Germer: Du wechselst ja ziemlich häufig zwischen den Medien?

Huber: Ja, ständig.

Germer: Ist das Teil des Testes der Grenzen?

Huber: Ja, würde ich so sehen. Ja.

Germer: Gibt es von dem Versuch abgesehen, die Grenzen eines Mediums zu testen, etwas, was die Arbeit in unterschiedlichen Medien verbindet?

Huber: Ja, das habe ich mich auch immer gefragt. Aber ich habe darauf keine befriedigende Antwort gefunden. Das ist genauso, wie wenn ich Dich fragen würde, was verbindet alle Deine Aufsätze miteinander. Thierry de Duve hat dies in seinem neuen Buch "Kant nach Duchamp" hervorragend beantwortet, indem er auf die Frage, welche Eigenschaft alle Kunstwerke miteinander verbindet, gesagt hat, es gibt keine einzige, gemeinsame Eigenschaft, die alle Kunstwerke miteinander verbindet, außer der, daß sie alle den Eigennamen "Kunst" tragen.

Germer: Gut, wenn es also keine Wesensgemeinschaft gibt, die alle Werke zusammenhält, so könnte es ja doch taktische Interessen geben. Auch wenn man kein uvre anstrebt, entwickelt sich ja sowas wie Präokkupationen, die einen beschäftigen, die wiederkehren und so weiter. Könntest Du da was benennen?

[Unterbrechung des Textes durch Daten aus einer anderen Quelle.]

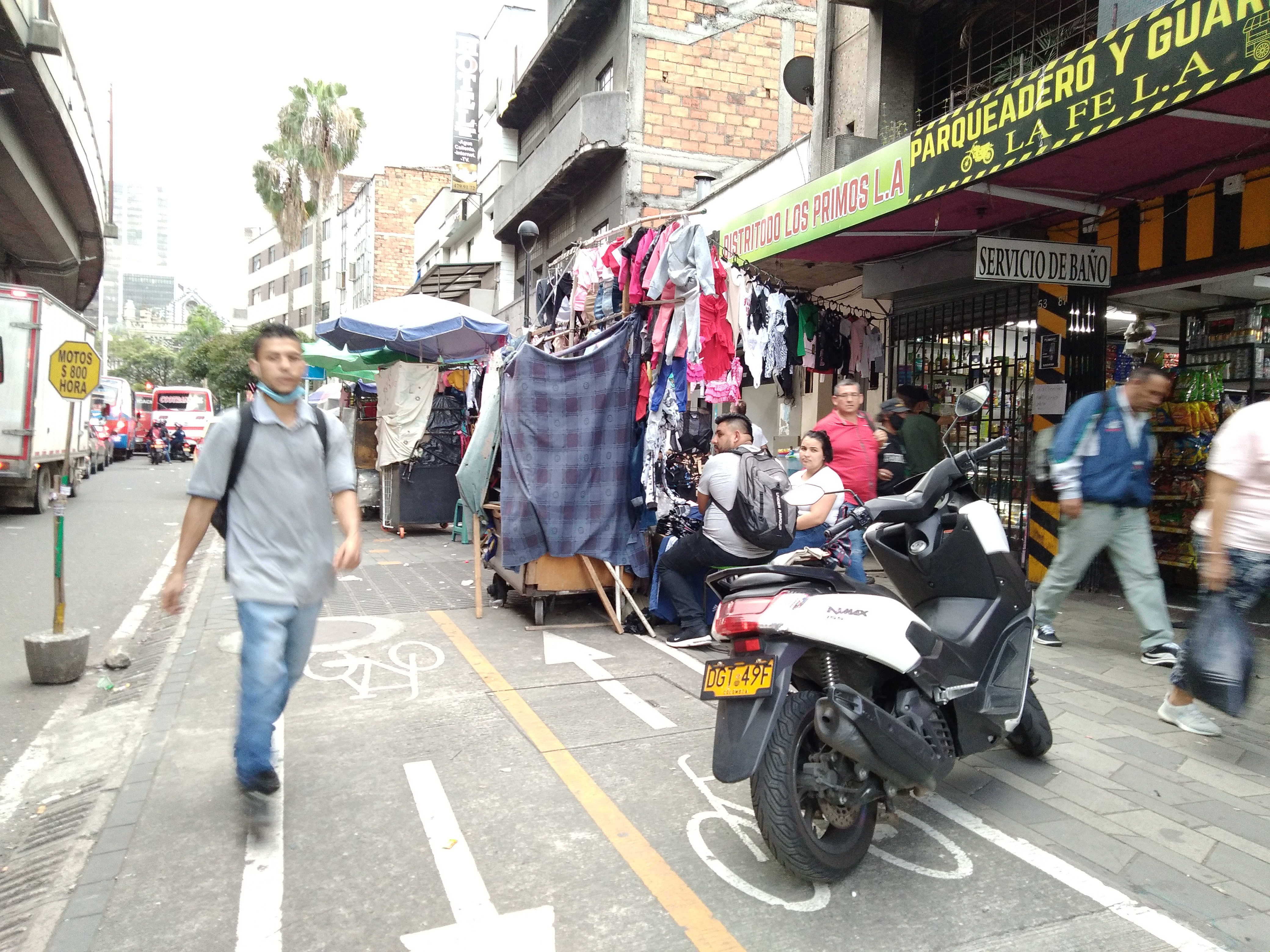 Piste cyclable Piste cyclable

Huber: Erstaunlicherweise sind diese Themen ziemlich konstant. Da muß ich zurückgehen in meine früheste Jugend. Ich habe mich ab meinem sechzehnten Lebensjahr sehr stark für Philosophie interessiert, für Soziologie und auch für Stadtplanung. In dem Rahmen tauchten relativ früh Fragen auf, wie: Was ist Wirklichkeit? Was ist Wahrnehmung? Was ist der Mensch? Und diese Fragen beschäftigen mich heute auch noch. In ganz allgemeinem Sinne. Die Frage, was ist Kunst, ist eigentlich erst sekundär entstanden. Erst als ein Problem an der Akademie. Als mir nämlich keiner erklären konnte, was ich also tun muß in der Klasse, damit das, was ich mache, Kunst wird. Das konnte mir kein Mensch sagen. Daraus ist natürlich abgeleitet die Frage entstanden: was ist Kunst? Die hängt aber wiederum mit den anderen Fragen zusammen: Was ist der Mensch? Was ist Wirklichkeit? Was ist Wahrnehmung? Und das würde ich sagen, das sind die drei großen Konstanten, die mich immer beschäftigt haben, seit ich denken kann.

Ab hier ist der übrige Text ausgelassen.